Simon Thillon, proprietor of Paris craft beer emporium/gathering place La Cave á Bulles

As Thillon tells it, artisan brewing in France was robust in the late 1800’s, but died out during the World Wars. The advent of industrialization saw all brewing in France consolidated into about twelve major producers, making mass-produced lagers synonymous with beer. Beer, which has never enjoyed the revered place in the French culinary consciousness that wine does, was relegated to the realm of the aperitif, valued more for its ability to quench thirst on a hot afternoon than for its flavor. After decades in this position, the idea that beer could be as important to gastronomy as wine became almost subversive.

I was a bit shocked, actually, that a country that is so deeply in love with gastronomy is only just now discovering the world of craft beer. But obviously, deep-rooted tradition has played a role in the late blooming of the craft beer movement in France –but bloom it has. “There is a very conservative idea of gastronomy here: that we French—because we were born French—know everything about gastronomy and the rest of the world knows nothing about this. But after five years things are changing. Five years ago it was like you were not a good patriot if you were vegetarian, vegan, or you liked beer. You were a good patriot if you ate foie gras and paired good wine with it,” explained Thillon. “But,” he continued, “things are changing fast: now, craft beer is fashionable. More people are getting into craft beer. We just need to get people to try new things. People try craft beer and they are like, ‘Oh! This is beer? Oh my God, I can’t drink any more beer from the supermarket. I’m done with 1664.'”

He then regaled me with the story of a foie gras producer who found him listed as a bottle shop and called to pitch an in-store display of foie gras. After listening to his pitch for awhile, complete with a long bit about the best wines to promote along with the foie gras, Thillon asked him what beer he would recommend with foie gras. His answer? “That’s not possible, you are not drinking any beer with foie gras!”

Thillon laughs, saying, “He thought for a second and then just hung up the phone. I imagined he was sitting next to the telephone repeating, ‘This never happened. This never happened…'” (If you’re curious, Thillon pointed out a bottle of wheat beer with quince on his shelves that he thought would go nicely with foie gras. Failing that, he recommended a nice saison, not too bitter, and with enough sweetness to balance out the fat).

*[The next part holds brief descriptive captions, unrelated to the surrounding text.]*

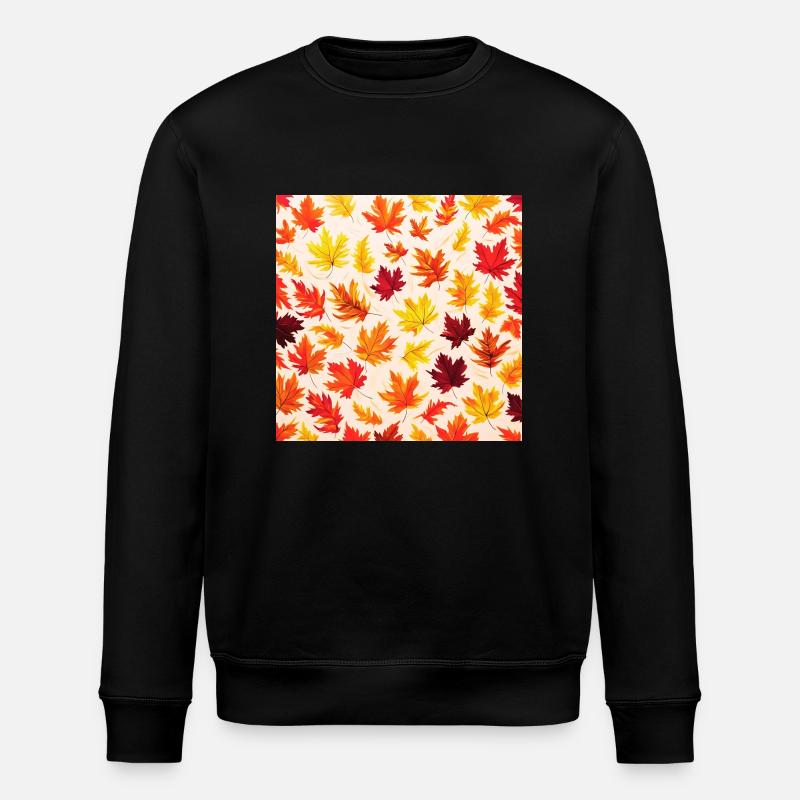 Herbstlaub-Muster - Stanley/Stella Unisex Bio-Sweatshirt ROLLER - Schwarz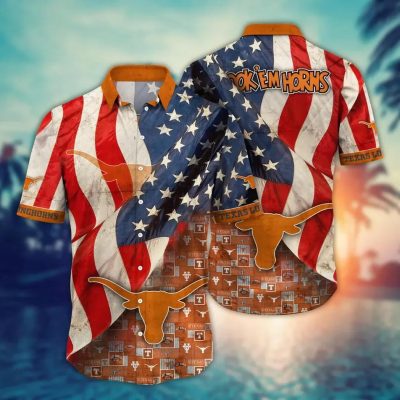 Texas Longhorns NCAA Flower Aloha Hawaiian Shirt 11, NCAA Hawaiian Shirt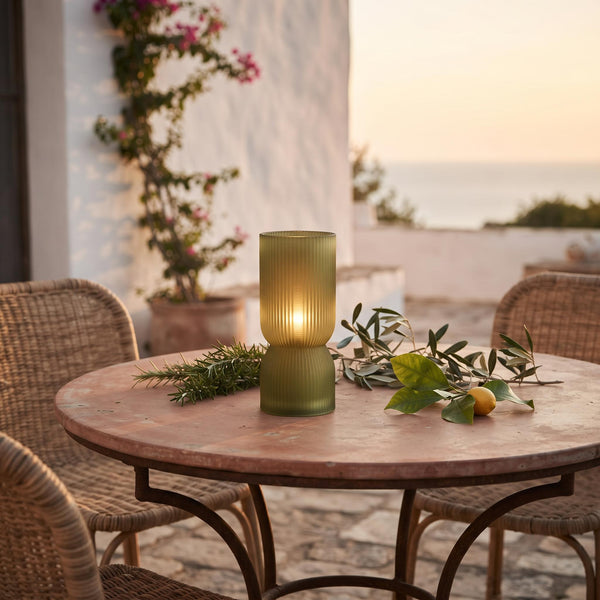 Fine Olive Green Ribbed Battery Powered Table Lamp - sparkle.lighting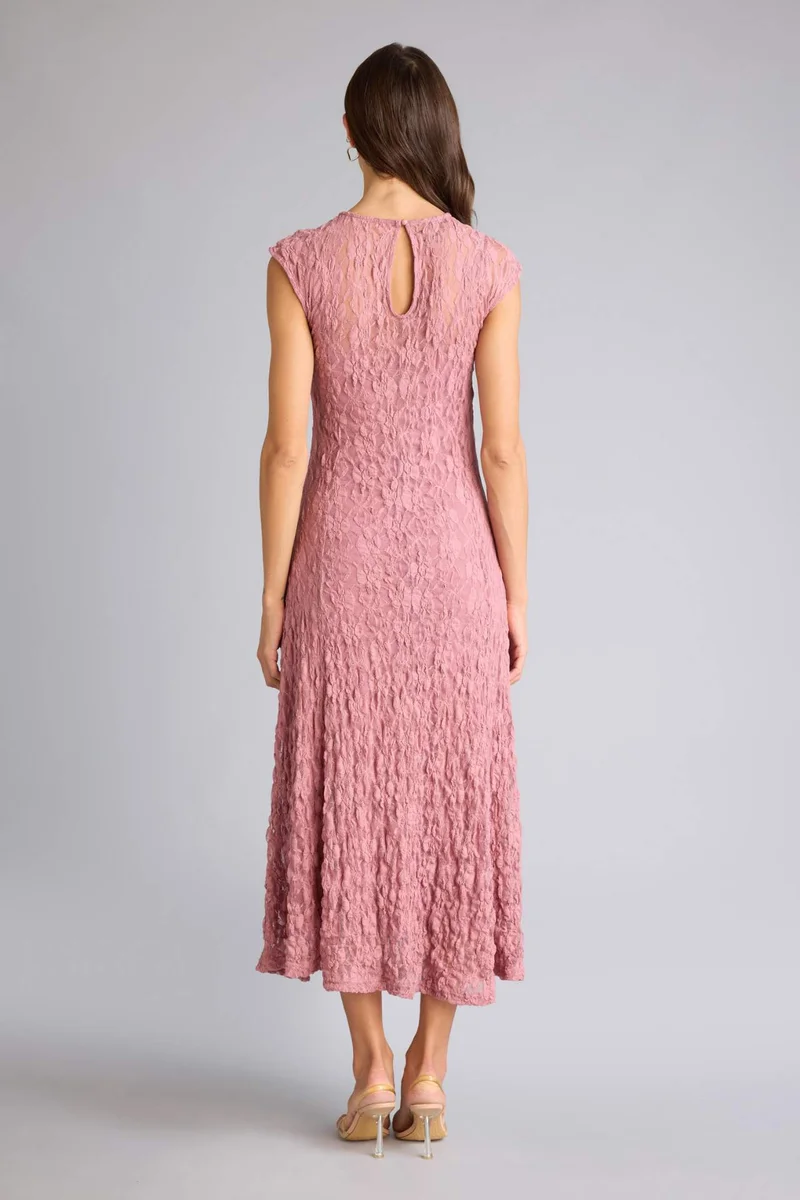 Defacto  Slim Fit Crew Neck Lace Sleeveless Maxi Dress for Women | Best Price UAE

The two bottles I took home, one from each of Thillon’s favorite Parisian breweries, were delightful. Etoile du Nord, a hoppy saison from Brasserie Thiriez, married the best aspects of a hoppy, slightly bitter American pale with the subtle sweetness and bright fruit of a classic continental saison. Get Radical, a session ale that Thillon brewed in collaboration with La Brasserie du Mont Saleve, was bursting with passionfruit and guava and eminently quaffable.

It was perfect for an afternoon spent watching soccer and hiding out from the Paris heat in my hotel room.